Uma análise crítica por NICOLAS R. AQUINO







Enquanto a Marvel Studios trilha seu caminho em direção ao multiverso, a animação "What If...?", projetada para ir além das barreiras já estabelecidas no extenso Universo Cinematográfico Marvel (MCU), apresenta algumas boas histórias multiversais. Esta série animada se propõe a brincar com a linearidade narrativa, proporcionando aos fãs a oportunidade de embarcar por realidades alternativas.


Em um formato de antologia, "What If...?" se destaca ao contar com diferentes perspectivas narrativas protagonizadas por rostos já familiares aos fãs, bem como por apresentar novas faces ao panteão de personagens Marvel. O fio condutor destas narrativas por diferentes realidades é O Vigia, um ser encarregado da missão de observar os eventos cósmicos sem jamais intervir. Através de seus olhos, somos conduzidos por uma jornada que atravessa distintos mundos, épocas e cenários do MCU.
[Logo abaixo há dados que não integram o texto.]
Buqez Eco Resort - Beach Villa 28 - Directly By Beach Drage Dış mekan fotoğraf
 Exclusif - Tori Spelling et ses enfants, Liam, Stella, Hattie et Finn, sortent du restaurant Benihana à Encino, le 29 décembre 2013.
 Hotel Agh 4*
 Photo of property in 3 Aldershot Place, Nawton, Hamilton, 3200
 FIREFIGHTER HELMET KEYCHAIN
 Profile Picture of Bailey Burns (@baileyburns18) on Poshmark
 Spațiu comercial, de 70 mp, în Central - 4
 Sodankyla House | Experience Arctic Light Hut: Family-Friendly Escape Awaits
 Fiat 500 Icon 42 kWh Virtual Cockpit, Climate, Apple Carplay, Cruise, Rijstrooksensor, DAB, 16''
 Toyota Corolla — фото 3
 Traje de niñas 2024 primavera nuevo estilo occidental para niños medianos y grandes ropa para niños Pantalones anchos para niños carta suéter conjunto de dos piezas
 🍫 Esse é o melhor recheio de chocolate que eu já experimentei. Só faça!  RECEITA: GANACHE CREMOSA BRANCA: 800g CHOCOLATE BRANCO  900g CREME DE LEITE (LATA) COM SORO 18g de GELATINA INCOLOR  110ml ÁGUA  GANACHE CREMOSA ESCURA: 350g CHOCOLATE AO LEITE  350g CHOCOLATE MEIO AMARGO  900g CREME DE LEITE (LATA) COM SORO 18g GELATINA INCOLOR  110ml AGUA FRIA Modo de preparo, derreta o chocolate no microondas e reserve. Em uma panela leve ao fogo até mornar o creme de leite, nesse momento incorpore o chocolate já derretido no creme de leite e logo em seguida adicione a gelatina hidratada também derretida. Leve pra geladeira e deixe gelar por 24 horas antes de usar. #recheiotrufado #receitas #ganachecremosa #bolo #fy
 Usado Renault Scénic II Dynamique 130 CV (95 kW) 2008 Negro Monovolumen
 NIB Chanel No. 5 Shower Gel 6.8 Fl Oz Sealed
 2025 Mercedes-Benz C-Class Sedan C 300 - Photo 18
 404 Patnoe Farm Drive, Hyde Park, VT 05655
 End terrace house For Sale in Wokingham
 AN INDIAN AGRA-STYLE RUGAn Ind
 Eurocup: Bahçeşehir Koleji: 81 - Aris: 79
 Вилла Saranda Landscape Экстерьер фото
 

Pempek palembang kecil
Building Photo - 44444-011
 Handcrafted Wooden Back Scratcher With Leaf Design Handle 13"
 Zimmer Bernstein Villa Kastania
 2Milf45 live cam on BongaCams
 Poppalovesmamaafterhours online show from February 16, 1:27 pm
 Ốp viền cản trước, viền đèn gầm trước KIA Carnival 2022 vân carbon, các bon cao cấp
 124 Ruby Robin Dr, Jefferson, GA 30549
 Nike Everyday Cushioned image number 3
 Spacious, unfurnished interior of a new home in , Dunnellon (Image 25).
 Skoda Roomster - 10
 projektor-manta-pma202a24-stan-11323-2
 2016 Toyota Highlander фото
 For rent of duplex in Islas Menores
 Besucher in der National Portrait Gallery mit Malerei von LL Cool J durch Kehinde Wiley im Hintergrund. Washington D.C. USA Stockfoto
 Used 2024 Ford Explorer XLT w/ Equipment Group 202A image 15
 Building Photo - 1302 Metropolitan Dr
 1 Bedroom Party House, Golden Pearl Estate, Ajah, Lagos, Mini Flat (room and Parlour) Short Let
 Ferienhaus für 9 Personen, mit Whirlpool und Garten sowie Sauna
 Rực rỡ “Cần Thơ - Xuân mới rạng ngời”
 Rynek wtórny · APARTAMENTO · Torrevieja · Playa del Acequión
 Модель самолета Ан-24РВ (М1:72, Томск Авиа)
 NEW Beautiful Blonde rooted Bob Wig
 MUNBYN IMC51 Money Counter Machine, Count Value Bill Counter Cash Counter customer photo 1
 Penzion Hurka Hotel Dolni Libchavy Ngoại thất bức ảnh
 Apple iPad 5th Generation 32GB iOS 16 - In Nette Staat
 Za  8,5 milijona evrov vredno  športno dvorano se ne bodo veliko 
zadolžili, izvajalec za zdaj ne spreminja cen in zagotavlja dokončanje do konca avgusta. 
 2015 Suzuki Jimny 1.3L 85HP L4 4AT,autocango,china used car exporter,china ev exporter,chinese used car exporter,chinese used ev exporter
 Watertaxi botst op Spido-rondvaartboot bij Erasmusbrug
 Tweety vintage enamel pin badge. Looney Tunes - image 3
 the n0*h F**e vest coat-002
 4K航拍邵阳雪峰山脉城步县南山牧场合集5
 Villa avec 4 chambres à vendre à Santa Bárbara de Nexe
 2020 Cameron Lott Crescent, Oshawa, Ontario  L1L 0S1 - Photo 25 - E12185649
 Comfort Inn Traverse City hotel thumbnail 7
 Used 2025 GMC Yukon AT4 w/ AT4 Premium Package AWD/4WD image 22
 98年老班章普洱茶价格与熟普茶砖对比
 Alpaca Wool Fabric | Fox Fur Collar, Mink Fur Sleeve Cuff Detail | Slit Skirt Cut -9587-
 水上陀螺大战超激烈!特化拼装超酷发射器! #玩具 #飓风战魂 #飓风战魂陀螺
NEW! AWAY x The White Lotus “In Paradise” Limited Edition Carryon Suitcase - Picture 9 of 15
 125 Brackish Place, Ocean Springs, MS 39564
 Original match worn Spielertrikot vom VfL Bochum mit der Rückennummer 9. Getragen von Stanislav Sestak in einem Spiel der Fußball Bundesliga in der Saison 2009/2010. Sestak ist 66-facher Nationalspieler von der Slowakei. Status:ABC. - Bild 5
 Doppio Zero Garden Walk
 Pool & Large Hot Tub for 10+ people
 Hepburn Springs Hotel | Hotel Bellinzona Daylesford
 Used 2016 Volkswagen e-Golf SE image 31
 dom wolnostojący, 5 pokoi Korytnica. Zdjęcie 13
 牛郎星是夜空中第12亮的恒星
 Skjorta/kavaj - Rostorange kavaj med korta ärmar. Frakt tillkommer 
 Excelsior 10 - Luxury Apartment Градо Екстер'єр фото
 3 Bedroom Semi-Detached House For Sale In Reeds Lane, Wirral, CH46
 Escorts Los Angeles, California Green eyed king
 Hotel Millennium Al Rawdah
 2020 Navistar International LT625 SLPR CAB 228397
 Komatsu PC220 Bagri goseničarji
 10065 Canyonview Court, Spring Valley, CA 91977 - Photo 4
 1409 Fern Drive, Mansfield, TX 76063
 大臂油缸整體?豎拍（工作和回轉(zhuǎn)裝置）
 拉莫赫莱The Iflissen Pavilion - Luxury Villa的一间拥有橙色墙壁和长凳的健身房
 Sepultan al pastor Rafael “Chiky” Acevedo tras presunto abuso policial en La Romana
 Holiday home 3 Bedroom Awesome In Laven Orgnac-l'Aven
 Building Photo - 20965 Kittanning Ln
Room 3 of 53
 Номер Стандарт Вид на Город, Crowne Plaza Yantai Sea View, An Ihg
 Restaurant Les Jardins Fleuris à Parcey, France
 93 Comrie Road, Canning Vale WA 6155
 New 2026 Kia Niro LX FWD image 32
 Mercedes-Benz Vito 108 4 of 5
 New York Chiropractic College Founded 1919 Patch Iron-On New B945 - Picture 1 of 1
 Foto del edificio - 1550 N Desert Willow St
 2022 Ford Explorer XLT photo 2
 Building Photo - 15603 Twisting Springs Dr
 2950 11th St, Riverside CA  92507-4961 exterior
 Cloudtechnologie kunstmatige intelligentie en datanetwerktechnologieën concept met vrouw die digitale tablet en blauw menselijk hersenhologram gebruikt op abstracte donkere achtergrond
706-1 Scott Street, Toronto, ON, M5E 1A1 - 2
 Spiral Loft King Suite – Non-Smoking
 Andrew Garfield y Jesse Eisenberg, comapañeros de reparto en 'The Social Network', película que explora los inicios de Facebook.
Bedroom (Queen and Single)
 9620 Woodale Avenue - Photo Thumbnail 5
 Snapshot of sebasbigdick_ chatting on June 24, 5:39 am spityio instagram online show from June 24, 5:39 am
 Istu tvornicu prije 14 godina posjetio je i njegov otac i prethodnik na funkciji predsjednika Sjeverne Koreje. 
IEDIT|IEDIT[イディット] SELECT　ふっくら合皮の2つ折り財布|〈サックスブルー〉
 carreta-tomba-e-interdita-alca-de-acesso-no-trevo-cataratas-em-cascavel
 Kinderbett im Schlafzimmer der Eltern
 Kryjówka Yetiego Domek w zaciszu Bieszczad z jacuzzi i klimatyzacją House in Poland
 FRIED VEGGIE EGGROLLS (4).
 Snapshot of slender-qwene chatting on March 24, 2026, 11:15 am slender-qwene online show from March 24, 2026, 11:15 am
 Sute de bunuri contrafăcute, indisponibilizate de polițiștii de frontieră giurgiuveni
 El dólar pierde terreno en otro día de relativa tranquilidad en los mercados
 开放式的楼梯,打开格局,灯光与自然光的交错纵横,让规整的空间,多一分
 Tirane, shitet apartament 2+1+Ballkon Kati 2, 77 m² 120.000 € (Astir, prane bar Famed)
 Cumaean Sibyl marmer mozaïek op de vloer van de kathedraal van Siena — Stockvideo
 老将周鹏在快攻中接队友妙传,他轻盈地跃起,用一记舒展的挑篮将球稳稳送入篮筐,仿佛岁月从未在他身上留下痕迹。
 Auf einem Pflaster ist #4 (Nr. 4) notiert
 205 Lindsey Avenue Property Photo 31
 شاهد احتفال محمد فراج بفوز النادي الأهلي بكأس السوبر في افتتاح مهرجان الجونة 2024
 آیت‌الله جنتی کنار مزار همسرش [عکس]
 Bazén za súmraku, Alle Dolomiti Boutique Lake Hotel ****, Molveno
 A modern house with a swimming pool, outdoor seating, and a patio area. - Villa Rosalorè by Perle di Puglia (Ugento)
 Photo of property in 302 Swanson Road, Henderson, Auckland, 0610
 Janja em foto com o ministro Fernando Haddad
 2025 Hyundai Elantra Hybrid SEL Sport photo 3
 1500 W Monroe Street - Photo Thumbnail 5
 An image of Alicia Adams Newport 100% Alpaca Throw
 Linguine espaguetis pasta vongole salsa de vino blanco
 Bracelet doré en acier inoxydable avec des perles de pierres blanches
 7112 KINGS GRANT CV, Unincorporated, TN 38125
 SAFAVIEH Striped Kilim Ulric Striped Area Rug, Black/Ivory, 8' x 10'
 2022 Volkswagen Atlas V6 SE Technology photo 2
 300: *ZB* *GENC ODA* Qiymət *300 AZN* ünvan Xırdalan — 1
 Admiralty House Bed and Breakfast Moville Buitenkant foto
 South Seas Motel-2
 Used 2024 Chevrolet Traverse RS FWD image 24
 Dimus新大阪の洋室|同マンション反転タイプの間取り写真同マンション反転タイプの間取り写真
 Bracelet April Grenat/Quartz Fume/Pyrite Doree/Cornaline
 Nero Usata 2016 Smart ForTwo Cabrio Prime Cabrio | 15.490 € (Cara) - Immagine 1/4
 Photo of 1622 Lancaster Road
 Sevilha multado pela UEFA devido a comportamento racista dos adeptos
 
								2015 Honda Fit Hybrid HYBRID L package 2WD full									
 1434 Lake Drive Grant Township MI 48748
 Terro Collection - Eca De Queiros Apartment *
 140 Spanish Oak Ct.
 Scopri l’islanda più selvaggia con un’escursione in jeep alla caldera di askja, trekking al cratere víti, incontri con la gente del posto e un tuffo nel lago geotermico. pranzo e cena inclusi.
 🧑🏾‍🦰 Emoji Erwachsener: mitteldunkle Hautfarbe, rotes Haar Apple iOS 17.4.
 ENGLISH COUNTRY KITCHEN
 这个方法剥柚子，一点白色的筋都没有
O diferencial desta animação está na habilidade de desdobrar-se por meio de cenários alternativos, onde personagens icônicos da Marvel vivenciam existências diferentes. Seja trocando de lugar com outros heróis, assumindo novas identidades ou recriando momentos marcantes já vistos nas telas de cinema, "What If...?" desafia as expectativas e oferece aos espectadores uma visão divertida daquilo de "o que poderia ter sido se as peças do quebra-cabeça do MCU tivessem se encaixado de maneira diferente".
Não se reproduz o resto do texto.